Opened 10 years ago
Closed 9 years ago
#7794 closed defect (fixed)
PolynomialRing_integral_domain ignores Ctrl-C and segfaults
Reported by: | SimonKing | Owned by: | AlexGhitza |
---|---|---|---|
Priority: | critical | Milestone: | sage-4.7.1 |
Component: | algebra | Keywords: | Polynomial Ring KeyboardInterrupt |
Cc: | Merged in: | sage-4.7.1.alpha2 | |
Authors: | Jeroen Demeyer | Reviewers: | Simon King |
Report Upstream: | N/A | Work issues: | |
Branch: | Commit: | ||
Dependencies: | Stopgaps: |
Description
The following was reported by Alex P on sage-support:
sage: F.<a> = FiniteField(3) sage: P.<T> = PolynomialRing(F) sage: PP.<z> = PolynomialRing(P) sage: PP Univariate Polynomial Ring in z over Univariate Polynomial Ring in T over Finite Field of size 3 sage: type(PP) <class 'sage.rings.polynomial.polynomial_ring.PolynomialRing_integral_domain'> sage: (z^3 + T*z)^(81*3) ^CException KeyboardInterrupt: KeyboardInterrupt() in 'sage.rings.polynomial.polynomial_zmod_flint.get_cparent' ignored ^C^C ------------------------------------------------------------ Unhandled SIGFPE: An unhandled floating point exception occured in SAGE. This probably occured because a *compiled* component of SAGE has a bug in it (typically accessing invalid memory) or is not properly wrapped with _sig_on, _sig_off. You might want to run SAGE under gdb with 'sage -gdb' to debug this.
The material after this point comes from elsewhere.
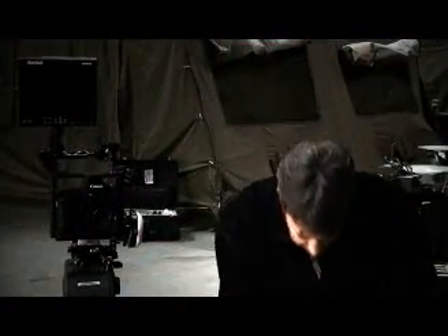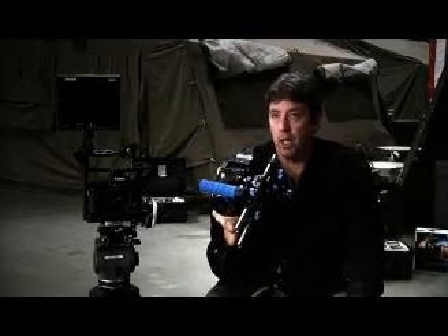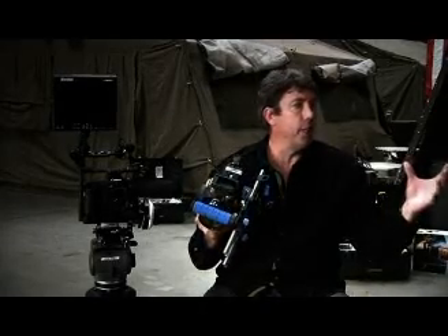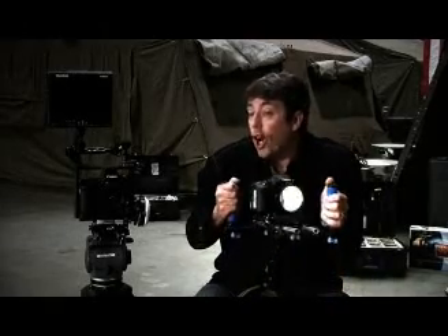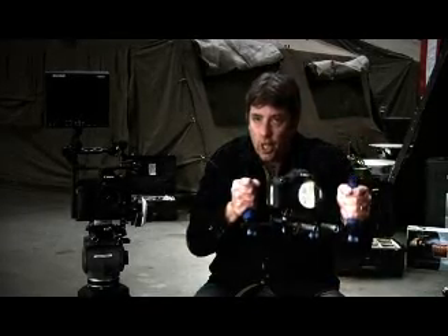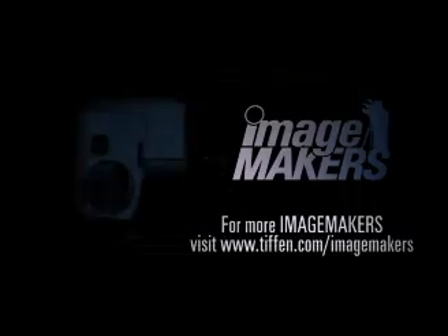What I call this, in a nutshell, is disruptive technology — this has upset the apple cart. Everyone else, Panavision, Arriflex, is like, what is going on? It always comes from outside; it's never done internally. Now you have a camera that's $2,700 with whatever glass you want to put on it, and you can make movies with this thing. And it's great.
SAGE will now terminate (sorry). ------------------------------------------------------------
So: First, Ctrl-C is ignored, which is bad IMO. Then, hitting Ctrl-C again (actually twice) results in a segfault, which is a desaster.
Attachments (1)
Change History (28)
comment:1 Changed 9 years ago by
- Status changed from new to needs_review
comment:2 Changed 9 years ago by
- Milestone changed from sage-4.7 to sage-duplicate/invalid/wontfix
- Reviewers set to Simon King
- Status changed from needs_review to positive_review
I miss the possibility to change the ticket into the state "worksforme", but that's my review, in one word...
comment:3 follow-up: ↓ 4 Changed 9 years ago by
- Milestone changed from sage-duplicate/invalid/wontfix to sage-4.7.1
- Status changed from positive_review to needs_work
I'm still able to reproduce the problem on sage-4.7.rc2 (note that interrupt handling was completely rewritten in #9678, merged in sage-4.7.alpha1, so testing this with sage-4.6.2 is pointless).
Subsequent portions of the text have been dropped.